**Given data**
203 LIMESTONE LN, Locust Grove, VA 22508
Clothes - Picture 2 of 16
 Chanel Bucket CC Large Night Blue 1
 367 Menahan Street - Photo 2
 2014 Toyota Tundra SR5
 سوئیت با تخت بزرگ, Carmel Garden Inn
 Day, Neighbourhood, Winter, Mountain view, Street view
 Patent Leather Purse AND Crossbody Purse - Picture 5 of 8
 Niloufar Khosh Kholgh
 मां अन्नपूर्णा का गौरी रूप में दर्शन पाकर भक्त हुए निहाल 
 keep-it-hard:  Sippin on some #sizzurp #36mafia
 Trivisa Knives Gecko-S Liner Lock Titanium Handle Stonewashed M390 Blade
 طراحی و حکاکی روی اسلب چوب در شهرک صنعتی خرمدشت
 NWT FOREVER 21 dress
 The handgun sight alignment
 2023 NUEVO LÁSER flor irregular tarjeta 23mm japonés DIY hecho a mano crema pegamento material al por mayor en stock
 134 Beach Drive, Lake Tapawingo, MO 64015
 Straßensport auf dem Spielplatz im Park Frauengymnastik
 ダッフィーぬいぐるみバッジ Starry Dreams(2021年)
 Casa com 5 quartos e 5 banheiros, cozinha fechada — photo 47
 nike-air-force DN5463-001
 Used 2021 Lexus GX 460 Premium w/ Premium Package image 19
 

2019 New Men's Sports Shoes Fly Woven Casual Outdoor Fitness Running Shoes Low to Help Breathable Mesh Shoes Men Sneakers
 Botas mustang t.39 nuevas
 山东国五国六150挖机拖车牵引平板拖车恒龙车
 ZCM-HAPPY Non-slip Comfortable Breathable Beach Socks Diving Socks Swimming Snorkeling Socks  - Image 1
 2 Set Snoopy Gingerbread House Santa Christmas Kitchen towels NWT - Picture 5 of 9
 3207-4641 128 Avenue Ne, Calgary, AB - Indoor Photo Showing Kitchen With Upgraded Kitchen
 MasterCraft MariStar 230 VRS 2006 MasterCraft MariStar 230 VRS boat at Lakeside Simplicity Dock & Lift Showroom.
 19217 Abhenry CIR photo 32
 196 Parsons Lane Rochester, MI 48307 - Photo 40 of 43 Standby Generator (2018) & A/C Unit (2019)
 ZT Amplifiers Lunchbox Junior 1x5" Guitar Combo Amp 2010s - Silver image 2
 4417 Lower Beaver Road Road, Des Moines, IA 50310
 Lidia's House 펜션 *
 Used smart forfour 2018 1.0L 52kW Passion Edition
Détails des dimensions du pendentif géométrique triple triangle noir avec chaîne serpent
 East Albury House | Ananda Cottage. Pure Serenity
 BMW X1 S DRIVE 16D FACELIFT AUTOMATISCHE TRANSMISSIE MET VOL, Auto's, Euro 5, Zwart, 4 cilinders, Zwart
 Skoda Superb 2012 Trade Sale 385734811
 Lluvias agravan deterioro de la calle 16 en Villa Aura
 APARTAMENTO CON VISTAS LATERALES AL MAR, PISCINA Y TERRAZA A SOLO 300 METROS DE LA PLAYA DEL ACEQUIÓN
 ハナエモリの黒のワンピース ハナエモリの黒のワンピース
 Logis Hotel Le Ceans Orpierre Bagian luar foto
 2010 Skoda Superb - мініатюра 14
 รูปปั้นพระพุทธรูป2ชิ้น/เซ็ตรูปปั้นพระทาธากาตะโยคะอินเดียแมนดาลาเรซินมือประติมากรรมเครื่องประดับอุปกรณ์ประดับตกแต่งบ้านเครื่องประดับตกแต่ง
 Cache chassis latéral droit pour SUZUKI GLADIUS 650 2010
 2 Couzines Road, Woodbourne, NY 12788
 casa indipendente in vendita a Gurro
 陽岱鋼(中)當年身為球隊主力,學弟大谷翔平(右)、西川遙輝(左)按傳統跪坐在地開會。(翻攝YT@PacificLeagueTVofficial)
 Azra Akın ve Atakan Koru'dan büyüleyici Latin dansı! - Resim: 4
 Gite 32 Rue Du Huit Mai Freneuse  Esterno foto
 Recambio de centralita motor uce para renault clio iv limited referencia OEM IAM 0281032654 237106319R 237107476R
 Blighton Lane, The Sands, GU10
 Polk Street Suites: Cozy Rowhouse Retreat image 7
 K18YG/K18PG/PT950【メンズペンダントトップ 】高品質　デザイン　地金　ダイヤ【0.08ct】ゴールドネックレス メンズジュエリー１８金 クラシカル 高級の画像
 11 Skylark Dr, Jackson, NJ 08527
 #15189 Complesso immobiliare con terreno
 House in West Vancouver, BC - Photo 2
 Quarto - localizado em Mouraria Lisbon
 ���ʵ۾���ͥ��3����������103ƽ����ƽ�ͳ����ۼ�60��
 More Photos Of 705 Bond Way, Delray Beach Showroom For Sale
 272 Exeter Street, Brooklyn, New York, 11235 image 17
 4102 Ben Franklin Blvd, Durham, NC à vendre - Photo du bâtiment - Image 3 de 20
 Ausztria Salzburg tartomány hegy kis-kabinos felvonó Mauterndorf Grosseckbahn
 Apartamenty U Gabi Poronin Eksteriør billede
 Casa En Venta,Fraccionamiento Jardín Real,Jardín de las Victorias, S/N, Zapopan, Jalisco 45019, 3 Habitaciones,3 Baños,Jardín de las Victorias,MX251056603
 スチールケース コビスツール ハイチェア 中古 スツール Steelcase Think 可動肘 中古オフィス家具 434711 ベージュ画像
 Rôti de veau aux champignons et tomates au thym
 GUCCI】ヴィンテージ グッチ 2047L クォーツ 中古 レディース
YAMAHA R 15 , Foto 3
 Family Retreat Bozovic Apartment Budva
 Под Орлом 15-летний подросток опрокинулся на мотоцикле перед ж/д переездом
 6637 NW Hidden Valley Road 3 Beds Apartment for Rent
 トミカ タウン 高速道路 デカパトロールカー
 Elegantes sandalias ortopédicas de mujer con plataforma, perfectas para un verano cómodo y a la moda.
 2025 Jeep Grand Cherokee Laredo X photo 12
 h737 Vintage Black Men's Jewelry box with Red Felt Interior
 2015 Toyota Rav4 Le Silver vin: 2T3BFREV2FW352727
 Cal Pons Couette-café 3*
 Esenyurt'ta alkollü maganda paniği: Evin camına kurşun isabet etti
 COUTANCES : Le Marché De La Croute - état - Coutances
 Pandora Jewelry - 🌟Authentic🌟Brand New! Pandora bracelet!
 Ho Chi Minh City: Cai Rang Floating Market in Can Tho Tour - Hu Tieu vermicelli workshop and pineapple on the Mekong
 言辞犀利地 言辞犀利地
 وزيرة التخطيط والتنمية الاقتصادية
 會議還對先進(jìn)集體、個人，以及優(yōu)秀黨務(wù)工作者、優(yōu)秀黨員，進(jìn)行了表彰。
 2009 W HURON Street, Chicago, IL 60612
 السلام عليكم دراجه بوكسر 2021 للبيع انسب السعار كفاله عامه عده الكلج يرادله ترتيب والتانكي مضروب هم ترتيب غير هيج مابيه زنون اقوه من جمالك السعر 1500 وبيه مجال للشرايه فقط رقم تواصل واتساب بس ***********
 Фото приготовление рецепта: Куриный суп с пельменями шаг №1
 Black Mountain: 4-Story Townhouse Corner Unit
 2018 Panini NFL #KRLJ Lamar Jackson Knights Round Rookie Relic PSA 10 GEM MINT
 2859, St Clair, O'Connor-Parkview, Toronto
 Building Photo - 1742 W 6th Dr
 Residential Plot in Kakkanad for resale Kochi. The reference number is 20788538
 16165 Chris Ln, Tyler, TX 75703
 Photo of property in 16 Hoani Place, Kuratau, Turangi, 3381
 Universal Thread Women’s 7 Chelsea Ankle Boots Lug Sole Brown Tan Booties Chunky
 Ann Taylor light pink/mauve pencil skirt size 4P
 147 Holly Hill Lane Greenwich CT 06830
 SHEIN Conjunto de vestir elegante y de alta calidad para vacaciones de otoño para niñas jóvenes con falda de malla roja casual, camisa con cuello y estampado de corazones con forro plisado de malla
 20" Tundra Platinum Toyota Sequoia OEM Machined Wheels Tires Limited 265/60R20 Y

**Exercise**
From the line containing "Esenyurt'ta alkollü maganda" down to the line containing "Black Mountain: 4-Story" in the material above, reproduce every line exactly, including the two end lines.

**Response**
 Esenyurt'ta alkollü maganda paniği: Evin camına kurşun isabet etti
 COUTANCES : Le Marché De La Croute - état - Coutances
 Pandora Jewelry - 🌟Authentic🌟Brand New! Pandora bracelet!
 Ho Chi Minh City: Cai Rang Floating Market in Can Tho Tour - Hu Tieu vermicelli workshop and pineapple on the Mekong
 言辞犀利地 言辞犀利地
 وزيرة التخطيط والتنمية الاقتصادية
 會議還對先進(jìn)集體、個人，以及優(yōu)秀黨務(wù)工作者、優(yōu)秀黨員，進(jìn)行了表彰。
 2009 W HURON Street, Chicago, IL 60612
 السلام عليكم دراجه بوكسر 2021 للبيع انسب السعار كفاله عامه عده الكلج يرادله ترتيب والتانكي مضروب هم ترتيب غير هيج مابيه زنون اقوه من جمالك السعر 1500 وبيه مجال للشرايه فقط رقم تواصل واتساب بس ***********
 Фото приготовление рецепта: Куриный суп с пельменями шаг №1
 Black Mountain: 4-Story Townhouse Corner Unit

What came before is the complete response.